We are immersed in cyber worlds. Such a dominant, human-made feature of contemporaneity plays a fundamental role not simply in shaping our perception of reality, but indeed in creating particular conditions in which to spend our lives and think about our future. Carolyn Nordstrom and Lisa Carlson recently co-authored Cyber Shadows, a timely and important book. They kindly agreed to discuss it with us.
Would you tell our readers how this editorial project started?
CN: I’ve discovered we don’t so much pick books to write as they pick us. I was hacked pretty badly, a targeted hack that went on for some years. Periodically I’d find a bit of code left behind and search on it. These dropped me into various websites – mostly extra-legal and many fairly horrific (the first I discovered offered slaves on cruises, another car-hacking to control target’s cars, and of course vast amounts of spyware and computer-controlling malware).
What I discovered in researching cyber-crime cannot be overstated: what most of us take to be science fiction is taking place worldwide in real time, and our daily lives are powerfully affected. Battles over control of digital-spaces and their emerging epistemic frameworks rage globally.

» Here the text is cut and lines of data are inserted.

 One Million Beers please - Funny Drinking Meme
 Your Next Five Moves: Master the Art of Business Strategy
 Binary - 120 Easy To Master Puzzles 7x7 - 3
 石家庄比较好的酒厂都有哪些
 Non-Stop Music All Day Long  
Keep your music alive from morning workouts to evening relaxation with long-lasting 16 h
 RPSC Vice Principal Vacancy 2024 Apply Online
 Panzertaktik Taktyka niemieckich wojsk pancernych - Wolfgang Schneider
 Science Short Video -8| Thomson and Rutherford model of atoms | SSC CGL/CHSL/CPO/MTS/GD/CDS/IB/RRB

The book decided me at this time. I texted an undergraduate just beginning her sophomore year – I hadn’t seen her writing nor had her in class – she merely walked into my office to ask some questions: “We’re doing a book.” I wanted the voice of a person in the Net-born generation. On a deeper level, I wanted to challenge the pervasive clichés that students today are socially and educationally stunted digital-Frankensteins.
Why do you think it’s important to read this book?
CN: Everything is hacked. As General Keith Alexander – until recently the (in)famous head of USA’s CyberCommand and the NSA (spying program) – said at Def Con 2012 to ten thousand hackers: They’re in. From the DOD to the average person – get used to it, there’s no securing devices anymore. We need a new way of thinking.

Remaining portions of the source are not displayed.